I did a survey a few years back that was published in Negotiation Journal. At that time, public and environmental dispute resolution was a $30 - $50 million or more a year industry in the United States (depending on what was counted). By now, it ought to be at least two or three times that large if our three strategies had worked.
If just 10 federal agencies were spending at least $3 million a year on dispute resolution contracts of all kinds, 50 states were sending an average of $1 million a year and the 140 large cities in the United States were each spending $250,000 a year, that would account for well over $100 million in contracts.
Time for a shift in strategy
Those of us who have been in leadership roles for several decades (as the heads of for-profit and not-for-profit companies providing dispute resolution services in the public sector, federal and state office staff, trainers and teachers, and ACR committee members) – and you know who you are -- probably need to step aside. I’m not saying we shouldn’t continue to be active, but we should let the next generation of EPP leaders step up.
I think we have played out the string on our three-pronged strategy. It is time for new leadership to pursue a more entrepreneurial approach to growing the field. Here are four ideas that some of the younger (by which I mean under 40!) public and environmental dispute resolution professionals in the crowd might want to jump on. It’s my sense that the next generation will be more comfortable with the shifts in strategy I am proposing.
1. We’ve got to pay more attention to the idea of private sector clients paying for neutral services.

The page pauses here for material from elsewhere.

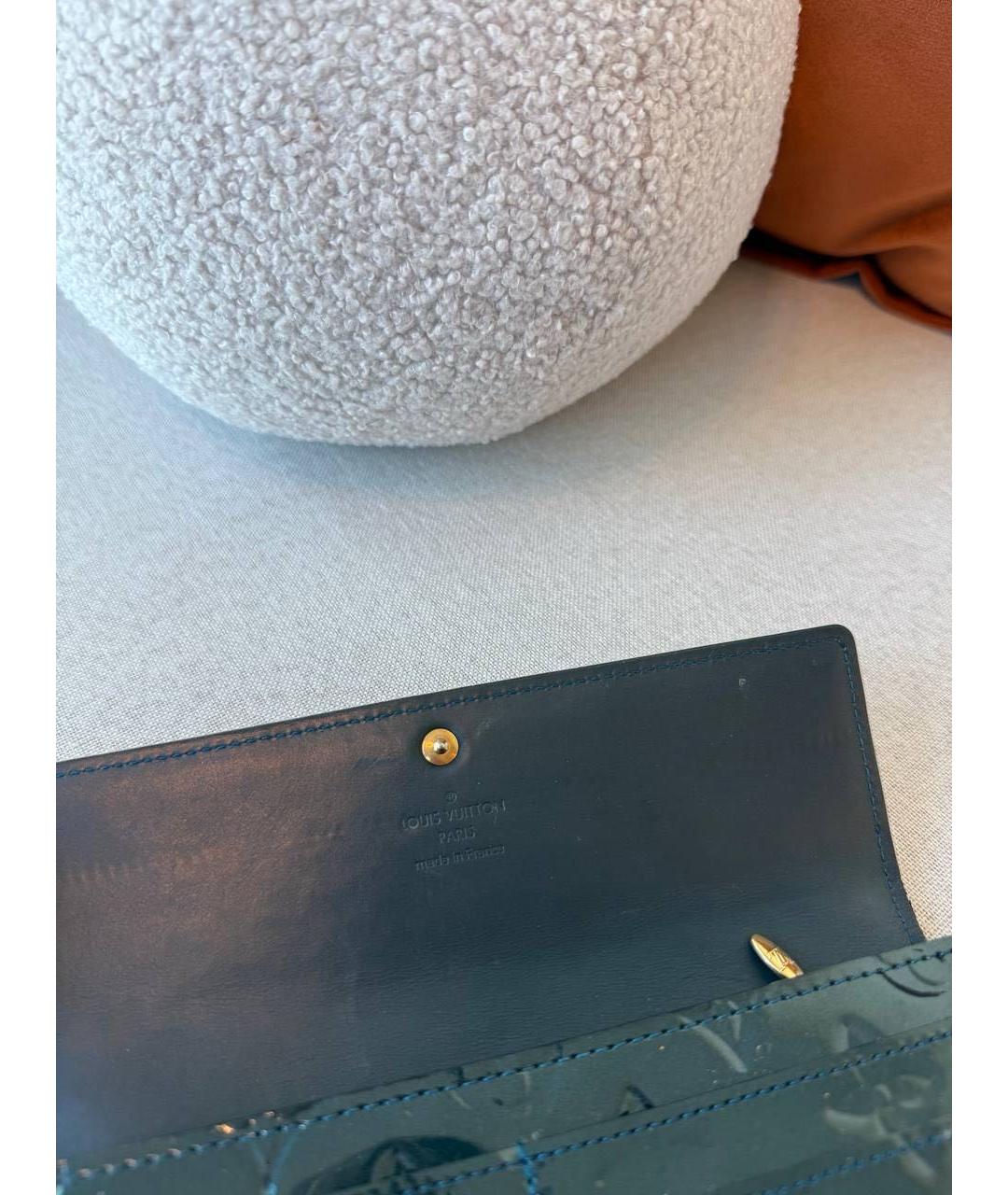 LOUIS VUITTON Кошелек, фото 6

2. We’ve got to try harder to get neutral services written into the general funds budget of every public agency in the same way that money to cover lawyers and legal charges are financed.
3. We should play up the mystery of mediation (rather than trying to de-emphasize the specialized skills involved) and play up the importance of “advanced certification.”

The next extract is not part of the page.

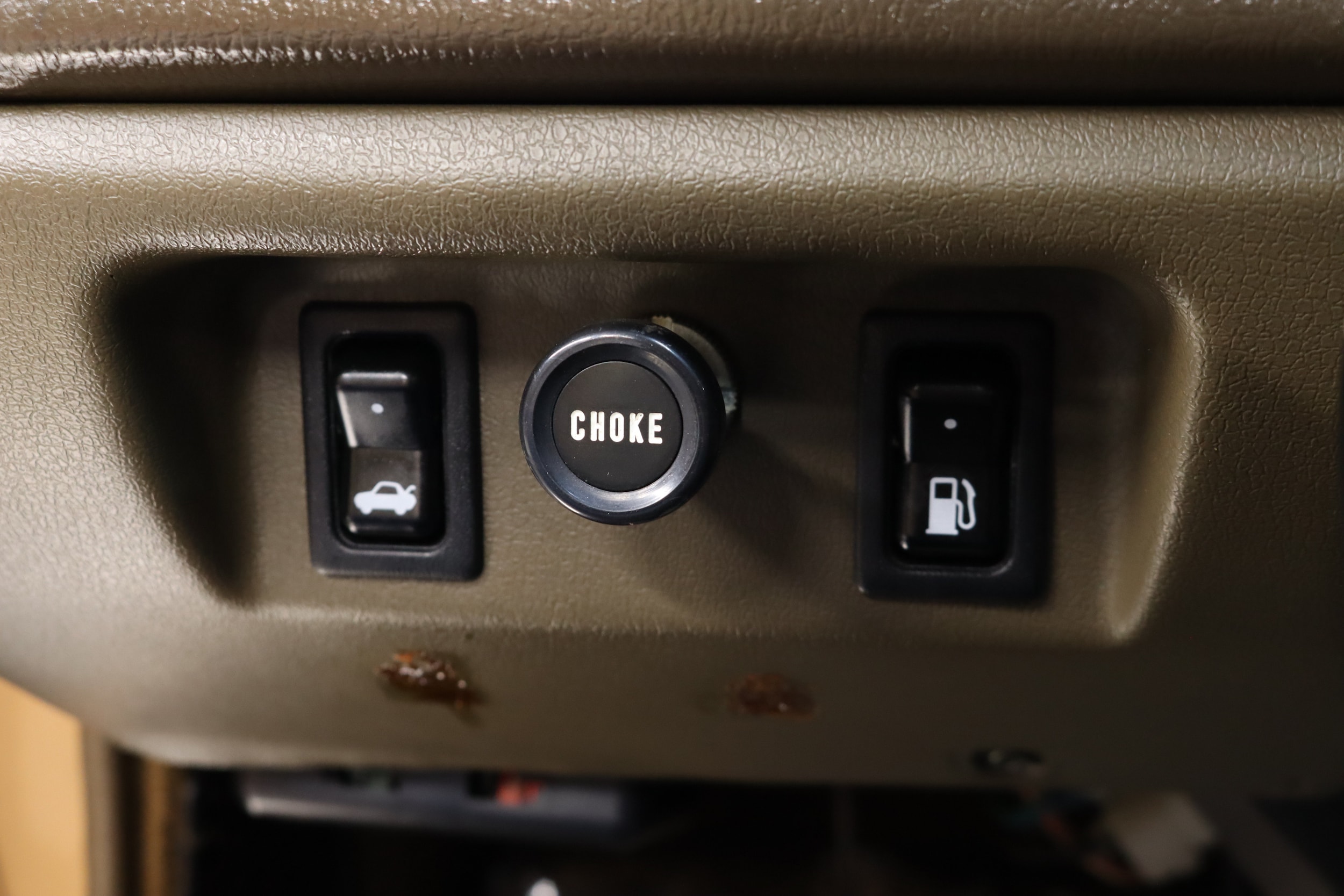 1981 Mazda RX-7 110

4. We have to commit a lot more money and time to “marketing the field.” This means distinguishing neutral services from other kinds of public engagement consulting, and then learning how to sell both.
Private sector clients paying for neutral services
Those of us of a certain age are still squeamish about working for private or corporate clients. But, if we can be neutral and be paid by government, we can be neutral and be paid by private clients. As more and more infrastructure and development is financed (and managed) by private capital, we’ve got to be willing to facilitate the stakeholder engagement processes that these development proponents are already committed to financing.

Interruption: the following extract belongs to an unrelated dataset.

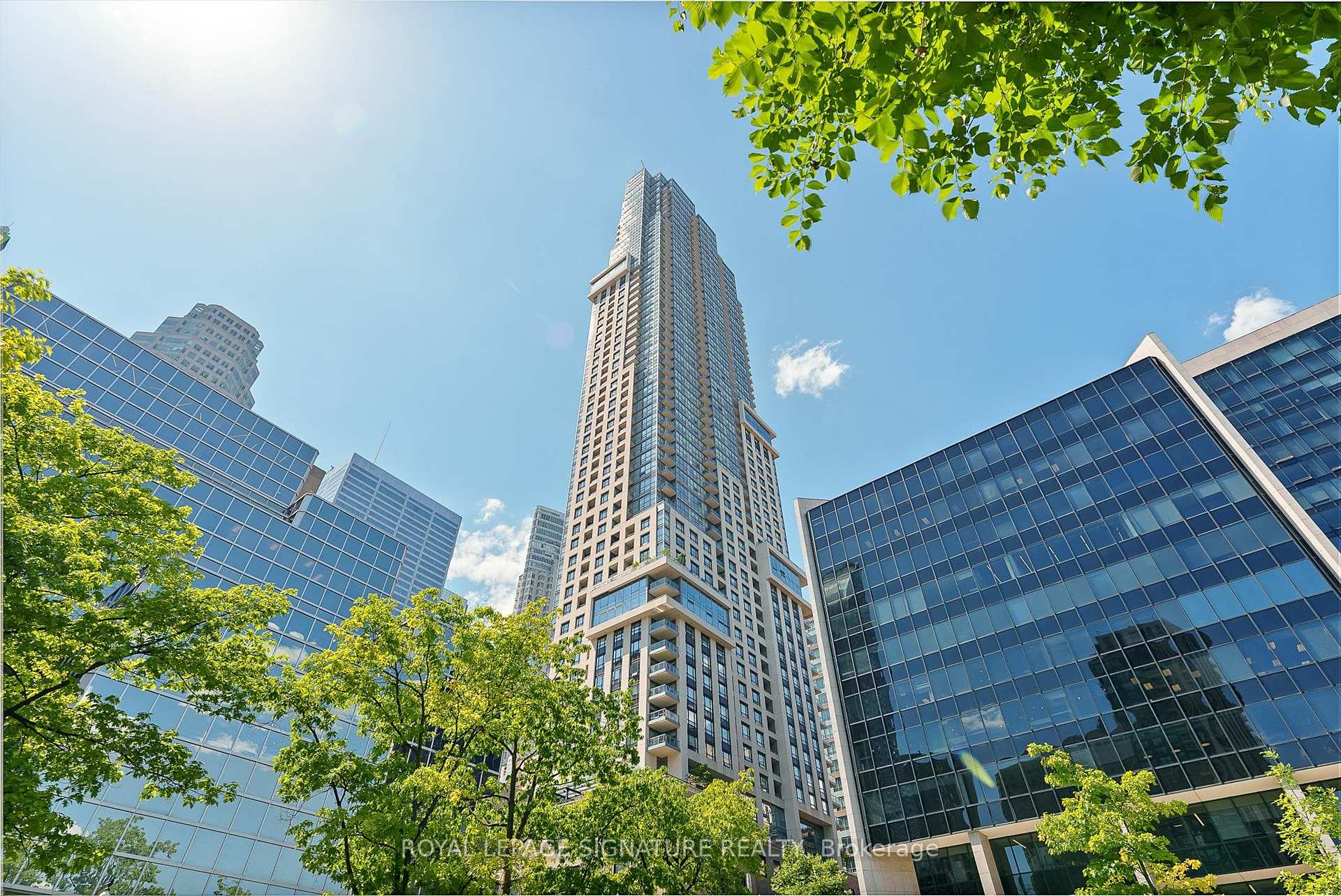 Photo 34 of Unit 1503, 88 Scott Street, Toronto, Church-Yonge Corridor — HOMEH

Stakeholder engagement – a branch of corporate social responsibility – ought to be the source of more than half of the funds used to underwrite neutral services in the United States. And, I am, in fact, talking about neutral services and not just public engagement consulting. Our neutrality is what the private sector is most willing to pay for.
By moving the funds allocated by one "side" to support a multiparty stakeholder committee, we can blunt the charge that we are working for the funder. We can serve as neutrals and work for all the participants in complex multi-party, multi-issue dispute resolution efforts. Even if the money to pay us originates from one source, once it is transferred to a fund or an executive committee managed jointly by all the parties, we can work for “the process,” not for the funder.
Instead of trying to convince regulators to hire us, we should shift a least some of our attention to proponents of any and all new development. They are the ones with the primary interest in making sure we can use our neutral standing to produce a meaningful consensus.
Get written into the legal services budget of every public and not-for-profit agency
How many of you know what IOLTA stands for? Interest on Lawyers Trust Accounts. Lawyers who receive interest on funds they are holding from or for their clients, must keep these accounts separate. That interest is used to support not-for-profit legal aid providers. This comes to more than $130 million a year. Between 1991 and 2003, IOLTA funds totaled more than $1.5 billion.
What if there were an analogous set-aside to support environmental and public dispute resolution efforts?
Courts could require all environmental penalties to go into a national (or a state) trust fund to support environmental dispute resolution. There is a great precedent for this. In Virginia many years ago the court mandated that the penalties in the Kepone case be used to support an environmental improvement fund in Virginia. These funds have been used to support public dispute resolution efforts.
There might be a requirement that some small percentage of all funds appropriated to support public infrastructure be set aside to support a dispute resolution trust fund.
A tiny fraction of the interest on all administrative (i.e. licensing or permitting) fees collected by federal, state and local agencies could be directed to such a fund. We need the equivalent of an IOLTA fund to support public dispute resolution work. We shouldn’t have to fight to add an extra line to public infrastructure development projects again and again.
I hope that ACR or the Public Disputes Section decides to pursue this.
The importance of “advanced certification”
For many years, I’ve argued that further credentialization in the dispute resolution field would be a mistake. Back then, we needed to let a thousand flowers bloom while the field was developing. (N.B. And, I don’t agree with Peter Adler. We are not a discipline, we are a field, or a sub-field.)
By now, the field has developed. We need to push for advanced certification of professional neutrals in the environmental and public policy dispute resolution field – not to keep others out, but to ensure the world-at-large we know what we are doing. The USIECR roster continues to add people with limited experience as professional neutrals. I’m fine with that, but I would like to see a separate (advanced) category of neutrals (not trainers, not public engagement consultants) with substantial experience.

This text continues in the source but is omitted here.